My TAP post-election column is how bipartisanship done right could break the neocon lock on Washington by pulling Republican pragmatists into the progressive coalition:
This creates an important opportunity for Obama to co-opt the pragmatic faction of the Republican coalition into his own. Endorsements by Powell and former Rep. Jim Leach of Iowa, combined with Sen. Chuck Hagel’s refusal to endorse and the under-noticed absence of Sen. Richard Lugar as a McCain surrogate in Indiana even as the state achieved “swing” status, hint at what might come down the road. And, clearly, talk, widespread in Washington, of keeping Robert Gates on as Secretary of Defense is motivated by similar sentiments. The sense is that Gates, co-author of a 2004 task-force report calling for engagement with Iran, knows that a bigger break with neoconservatism than what we’ve seen thus far is necessary.
By the same token, tapping a Hagel or a Leach for secretary of state or U.N. ambassador could serve to illustrate that a multilateral foreign policy isn’t just the preference of cultural liberals from the coasts but reflects a real judgment about American security that the heartland can and should embrace.

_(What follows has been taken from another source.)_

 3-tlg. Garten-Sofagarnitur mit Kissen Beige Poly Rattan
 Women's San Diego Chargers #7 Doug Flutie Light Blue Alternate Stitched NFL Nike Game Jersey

But the trick with these bipartisan concepts is to make sure that the credibility is flowing in the right direction. Bill Clinton’s choice of former Sen. Bill Cohen, a Republican, to head the Defense Department mostly seemed to signal the idea that Democrats weren’t up to the job. The new administration needs to do the reverse — build support for progressive policies by showing that it can be supported by a politically diverse group of people. The key to that is combining a bipartisan approach to personnel with a bold approach on substance. Bringing Republicans into the administration to implement a timid agenda would suggest that Obama doesn’t really believe in himself. But bringing Republicans into the administration while acting decisively to fulfill Obama’s campaign pledges on withdrawal from Iraq, diplomacy with Iran and Syria, and steps toward global nuclear disarmament would be just what the doctor ordered. All are good ideas on the merits, all are politically risky, but all have nontrivial levels of support among pragmatic Republican foreign-policy types. Bringing a few Republicans on board to help sell those ideas would provide political cover in the short term and help decisively cleave this bloc of elites from the conservative coalition and bring it into the progressive one.
The key is to resist the temptation to put foreign affairs on the back-burner while working on (admittedly important) domestic issues. Doing everything is a tall order, but these are tough times and the opportunities available to an administration that’s willing to marry boldness to bipartisanship in foreign affairs could be huge.